Sunday, August 26, 2012

A Walk In The Park


The beauty of living in my town is the diversity of people surrounding me.

I pass an elderly woman whenever I go to play tennis.  She is stick thin, wearing more make up on her face than meat on her bones, but she walks resolutely down the middle of the street near the park.  Round and round and round she plods, coming from some unknown place with a destination only she can imagine.

Yesterday I passed what looked like a posse of misplaced Texans in the Heartland.  Four people wearing cowboy hats and western jeans walking down the sidewalk in a sort of loose formation, arms swinging, feet planted with great purpose.  Who they were pursuing I’ll never know, but their youthful shirts indicated that it might be some musical group whose tastes were probably dissimilar to mine.

This morning I passed grey hairs like myself.  Old silverbacks trotting around the mall at speeds I never want to attain!  Accompanied by spouses with one of two extreme faces, either unmitigated joy, or abject pain and I thought about how life does that to us.  How we either embrace what is or it swallows us up.

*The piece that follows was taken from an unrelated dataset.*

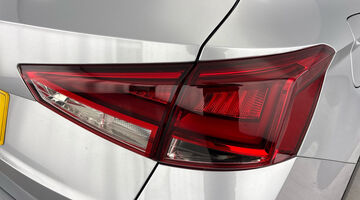 2023 SEAT 1.0 TSI XPERIENCE Lux Euro 6 5-door (Silver) - Image: 28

I plodded on, listening to The Iliad, starting in the park and finishing in the mall as rain fell harder and faster, assaulted by canned music trying to drown out my story in the latter.  And while I walked amid the accouterments of modern consumerism I listened to the tales of ancient war, but the stories, the people, the behaviors were really not much different than those I am used to.

For all our striving and all our pretenses, we really are the same people we’ve always been.